The deputy prime minister is dismissing an official report estimating billions could be lost by halting offshore oil and gas exploration as flimsy.
Legislation was introduced to Parliament yesterday despite the Ministry of Business, Innovation and Employment (MBIE) warning the move could cost the country billions of dollars in lost tax and royalty revenue.
The ministry analysis estimated a cost to New Zealand of $7.9 billion in lost tax revenue between 2027 and 2050, but noted that would depend on future oil prices and interest rates.
It also cautioned that the ban could potentially increase global greenhouse emissions.
"The transfer of production to other countries that have higher emissions footprints may result in an increase in global greenhouse gas emissions, although the timing and scale of this impact are uncertain," officials said.
Acting Prime Minister Winston Peters told Morning Report MBIE's analysis is flimsy.
"If NASA had have got their calculations in any way like this, Neil Armstrong would be still flying around trying to find the moon.

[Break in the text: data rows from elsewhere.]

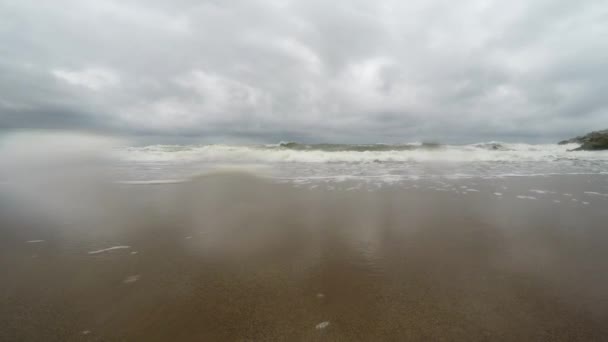 Surf del Mar Báltico en Polonia, cámara en el surf — Vídeo de stock
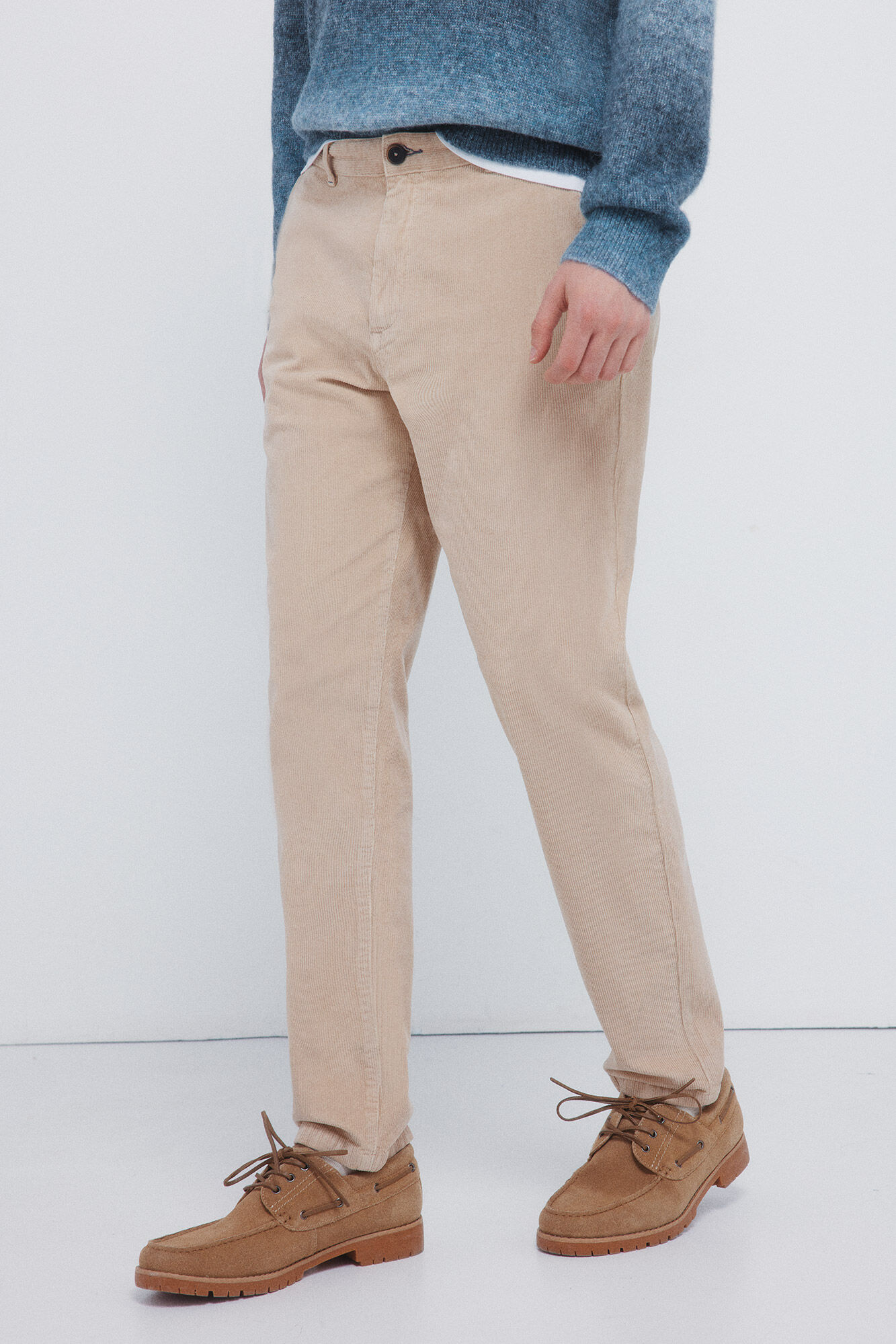 Springfield Udobne čino chino pantalone od pranog somot, uskog kroja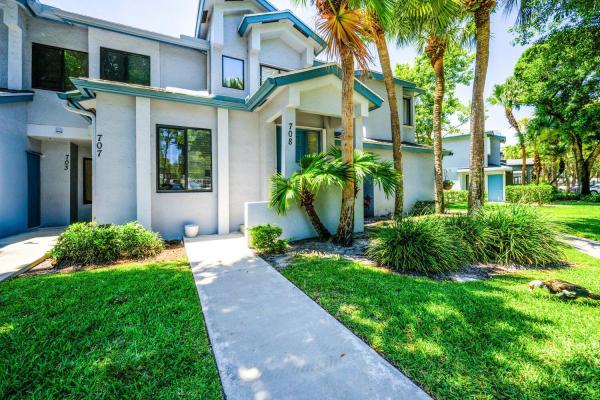 Harbour Pointe At River Bridge, 708 Harbour Pointe Way, Greenacres, Florida 33413, image 1
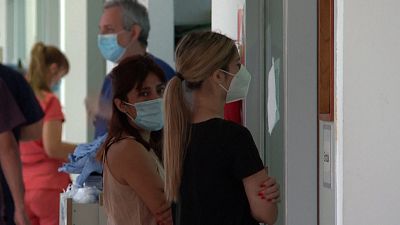 شاهد: مستشفيات الأرجنتيين تسمح لأقارب المُصابين بفيروس كورونا برؤية أحبّائهم من خلال النوافذ
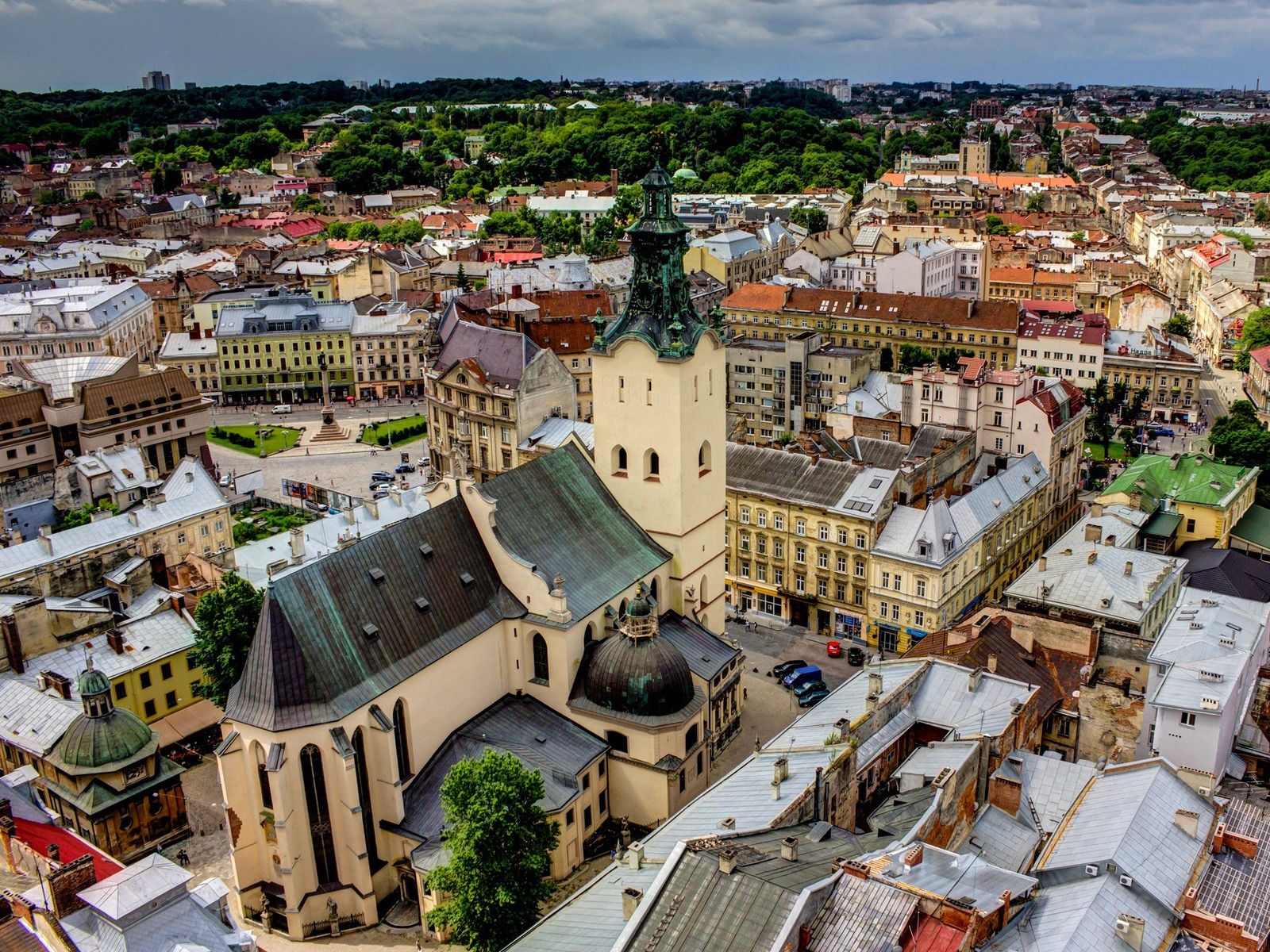 У Львові замінували тринадцять будинків, сім лікарень та аеропорт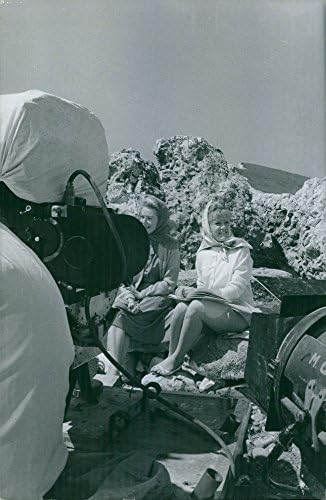Vintage fotografija Hayley Mills sjedi sa ženom na stijenama,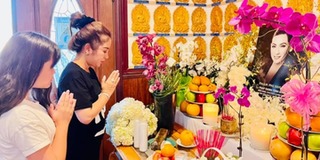 Thúy Nga đưa con gái đến tiễn biệt Phi Nhung trong thất đầu tại Mỹ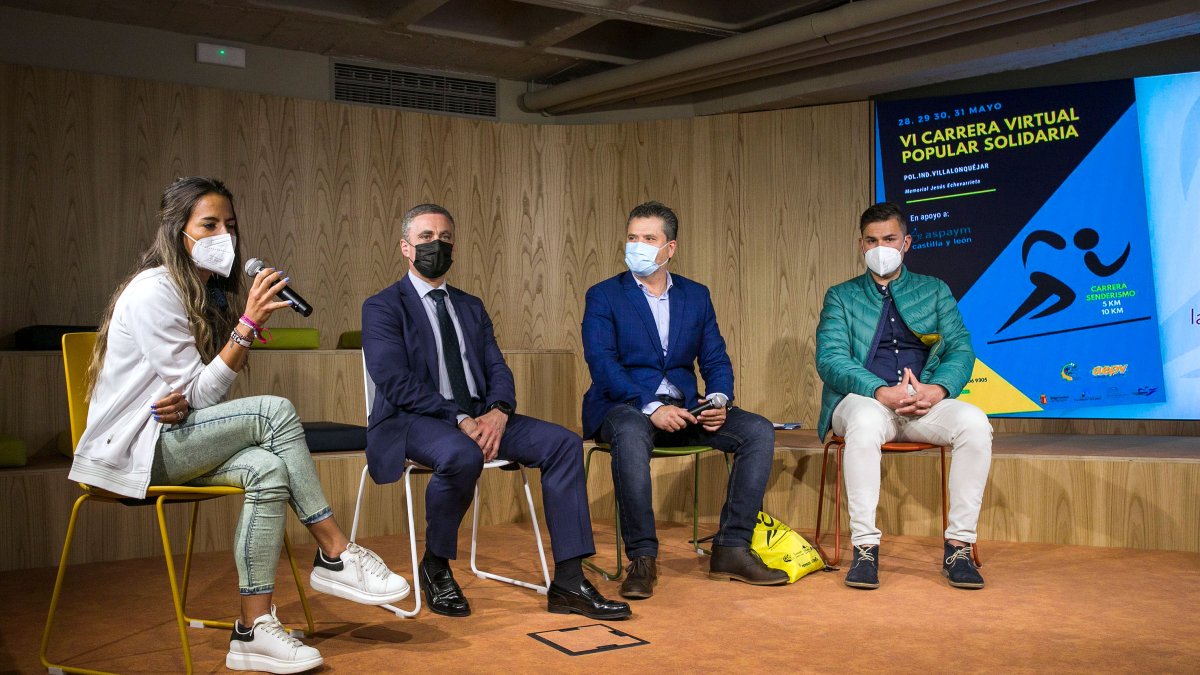 Lidia Campo, Rafael Barbero, Jorge Villaverde y Rafael Escudero, durante la presentación de la carrera Memorial Jesús Echevarrieta. TOMÁS ALONSO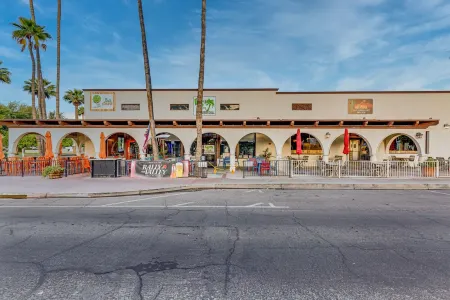 Sparkling Pool Near The Wigwam, Spring Training, State Farm Stadium!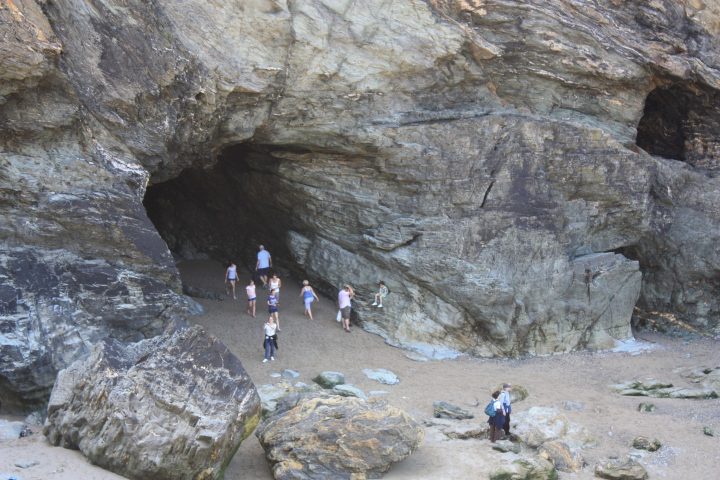 Die Höhle von Merlin liegt am Strand von Tintagel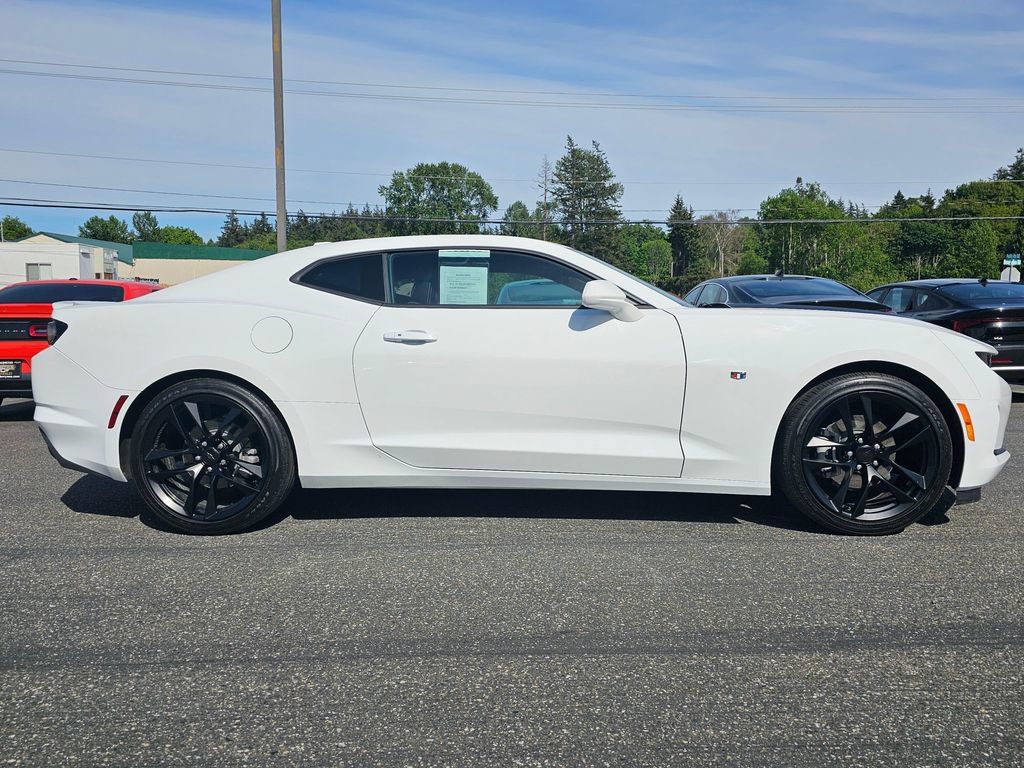 Used 2023 Chevrolet Camaro LT w/ RS Package RWD image 2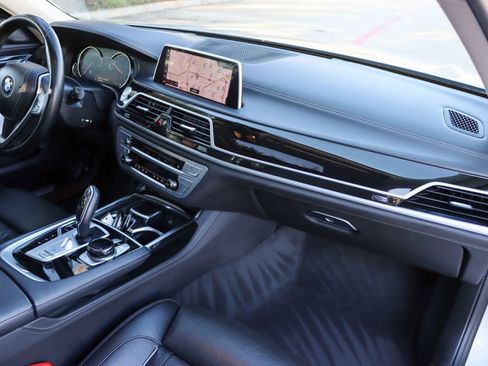 Used 2019 BMW 740i w/ Executive Package image 23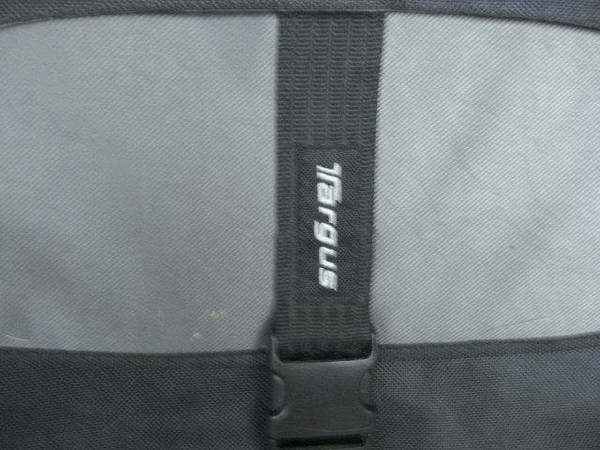 Targus laptop shoulder/messenger bag PLUS 1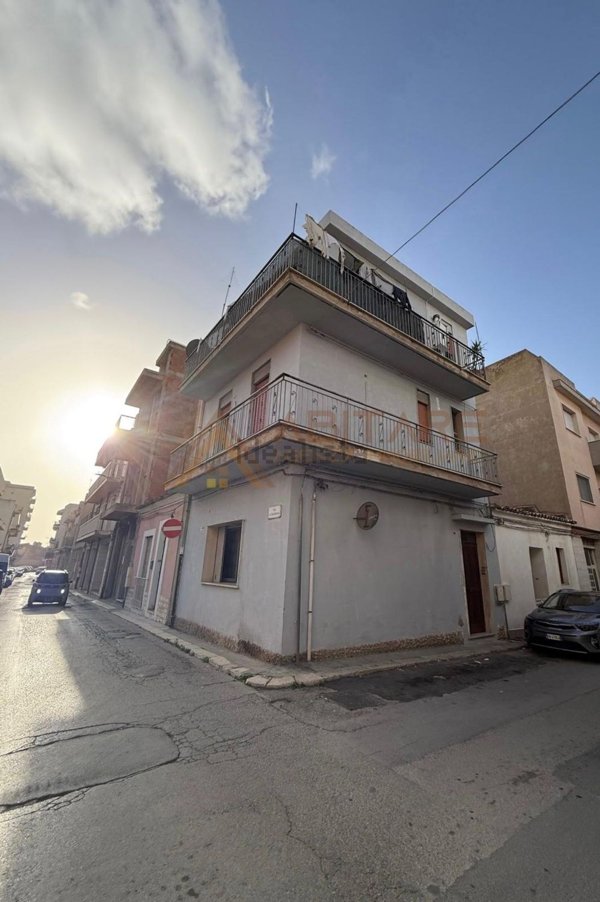 casa indipendente in vendita a Vittoria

This is a very, very bad piece of so-called analytical work."
He said the government's decision wasn't based on the data but its calculations for where it wants to take its economic and carbon footprint in the next 20-30 years.
"It's not the first time governments have been subject to officials getting it dramatically wrong."
He said this policy ends the reliance on this industry while preparing new plans for the future to decrease the reliance on fossil fuels.
Using fossil fuels less will lower emissions, he said.
Energy and Resources Minister Megan Woods told Morning Report the government has to start planning for communities which have been reliant on fossil fuel exploration to move to new sources of income and jobs.
Ms Woods said there is uncertainty over the figure and the effect on emissions.
Governments do not always agree with advice from their officials, she added.
"We are keeping and honouring all the existing exploration permits that will see drilling potentially until the 2060s," she said. "But what we have to be doing is planning for those communities that rely on fossil fuels as their source of revenue and jobs.
"We are not a government that is prepared to cross our fingers and hope for the best. We know that we need to start that long-term transition planning now and that is exactly what we're doing."
The report acknowledges it has not been able to take account of technological changes here and in other countries which will reduce emissions and dependence on oil and gas, she said.
"All the evidence is pointing to the fact the Chinese have peaked their emissions ahead of their Paris targets. I was in China last week - the speed at which that economy is decarbonising and looking to renewables is phenomenal."
Petroleum Exploration and Production Association of New Zealand CEO Cameron Madgwick said the decision is clearly a political one and the numbers are "pretty robust".
"Some of the ranges in the report are up to $23 billion ... that was the equivalent of employing 5000 more nurses and 5000 more teachers for 35 years. These are significant sums of money that New Zealand is going to miss out on.
"Whichever way you look at it, whether it's the midpoint $7.9 billion, the $23.5 billion highpoint, or the $1 billion low point, these are lost revenues for New Zealand, and New Zealanders, that will need to be found somewhere else," he said.
To reduce emissions you need to reduce the demand, he said.
"One of our very large users of gas in New Zealand creates methanol and they use gas to do that," he said. "The next most logical producer of methanol globally, which is a growing commodity, is from China using coal. Coal has twice the emissions of gas. This is simple science.
"It's time for an urgent reconsideration of this. This was clearly a political decision made without the benefit of any robust science or evidence. That's now clearly available from their own trusted officials."
The National Party said the decision to go ahead with a ban is "appalling".
National leader Simon Bridges said estimates of the economic loss to New Zealand due to the government's new approach on oil and gas were greatly underestimated.
He said even taking the midpoint of $8 billion was not looking at the whole picture.
"So in fact in terms of jobs, in terms of growth and profits, we're actually talking about tens and tens of billions that are lost to us. And there comes a point in time, if you do things like that, and if you haven't got other things happening, it has a real affect on our country, on how we go and the prosperity that we have."
Mr Bridges said in light of the economic damage this policy would cause, he was urging the government to reconsider.